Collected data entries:
· · · ·
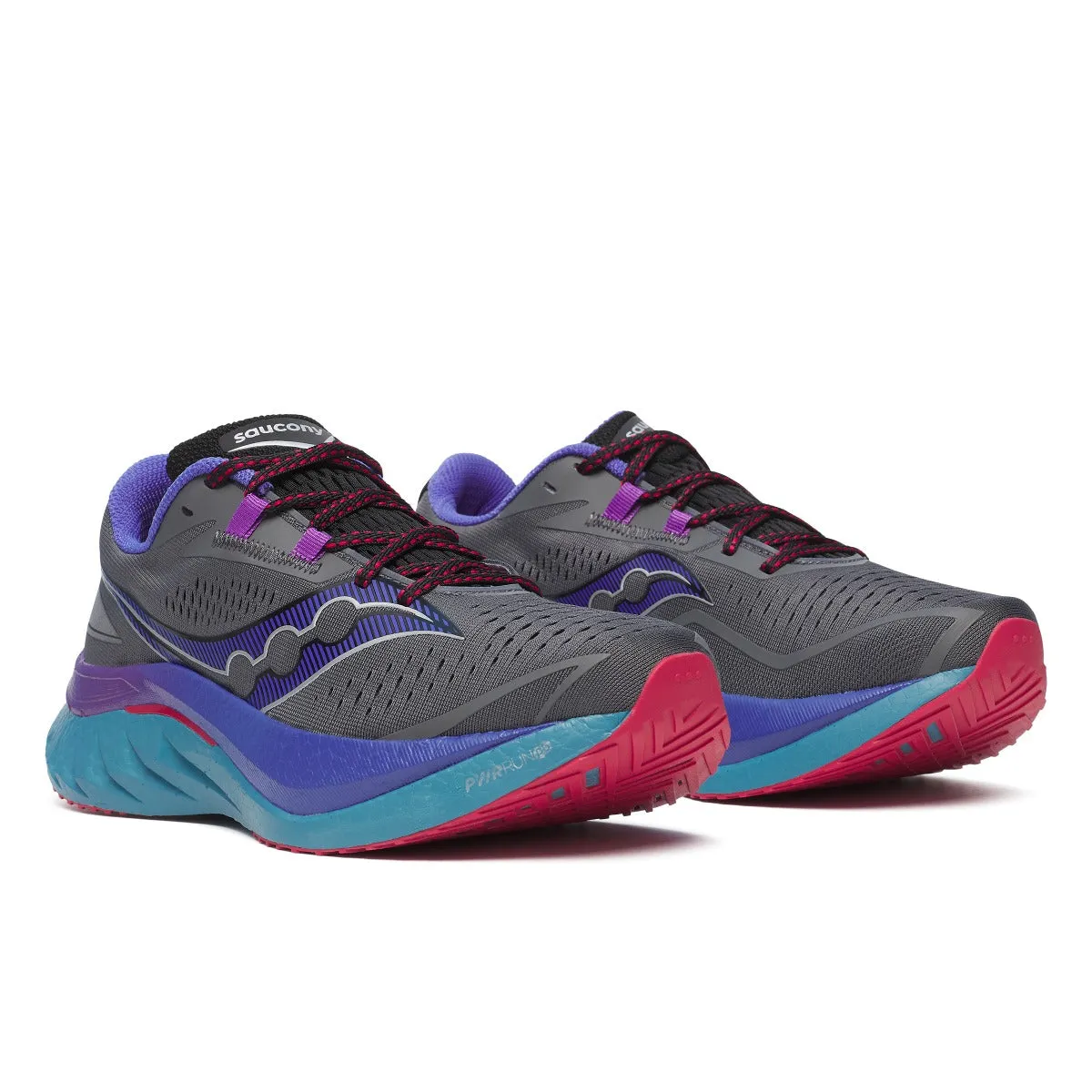 SAUCONY-ENDORPHIN SPEED 4  Men synthetic upper versatility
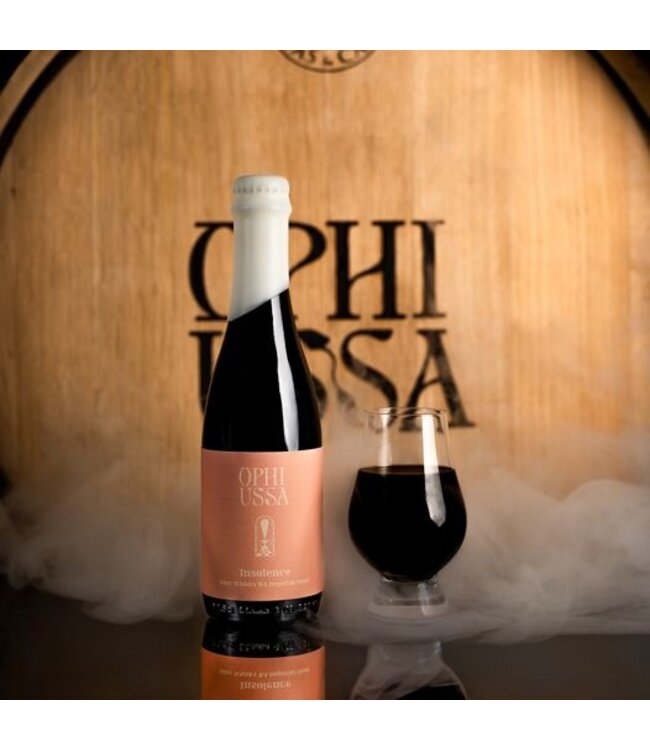 Ophiussa Brewing Co. - Insolence - fles 375ml.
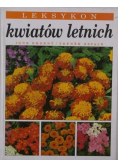 Leksykon kwiatów letnich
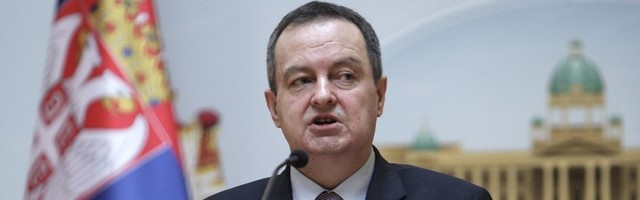 Dačić: Referendum o promeni Ustava možda na jesen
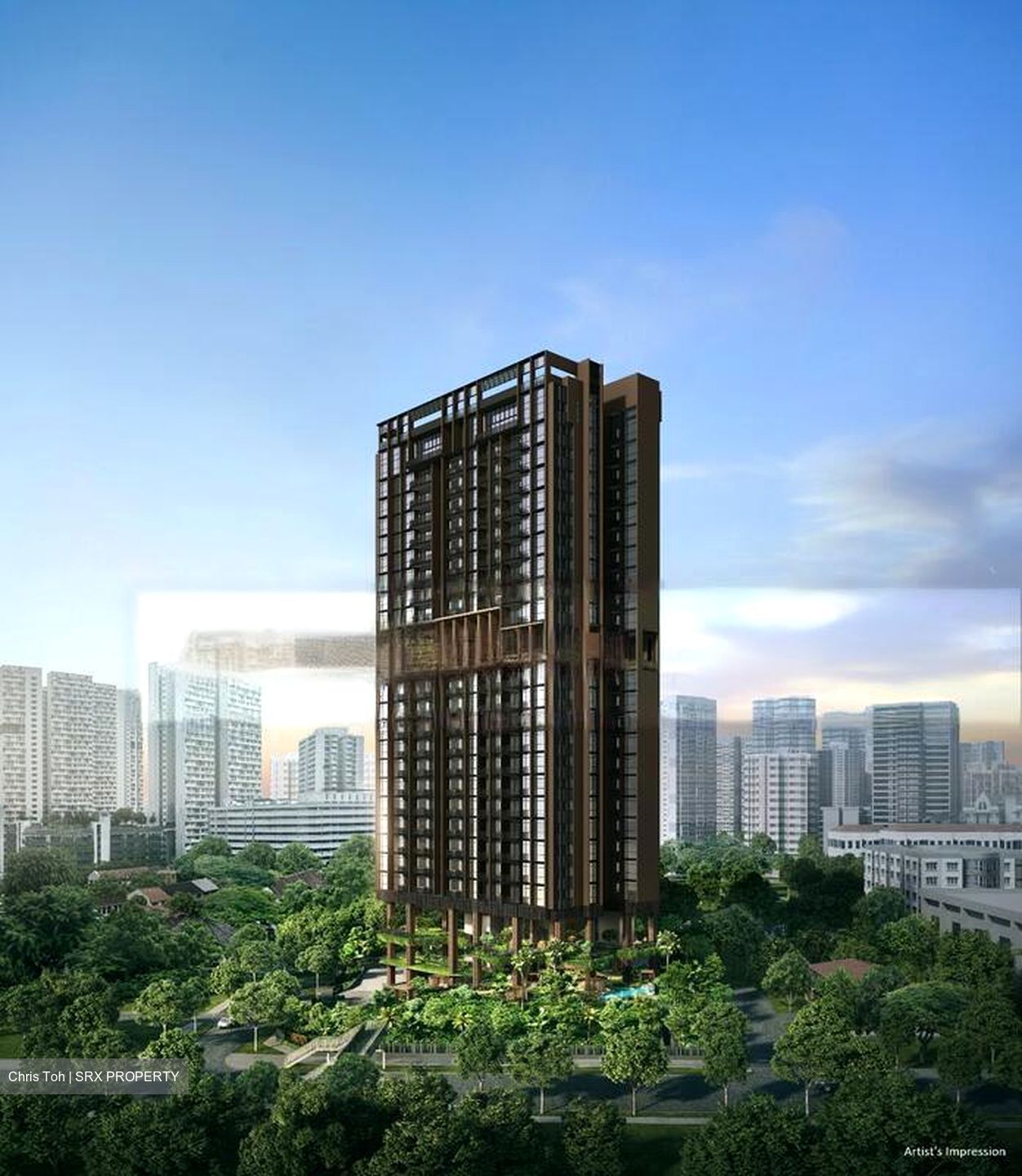 THE ARCADY AT BOON KENG (D12), Apartment #504548851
· · · ·
### Your instructions
Reproduce the lines from the line with "Ophiussa Brewing Co." through the last line of the entries exactly, including both ends and excluding pictures.

### Response to the exercise
 Ophiussa Brewing Co. - Insolence - fles 375ml.
 Leksykon kwiatów letnich
 Dačić: Referendum o promeni Ustava možda na jesen
 THE ARCADY AT BOON KENG (D12), Apartment #504548851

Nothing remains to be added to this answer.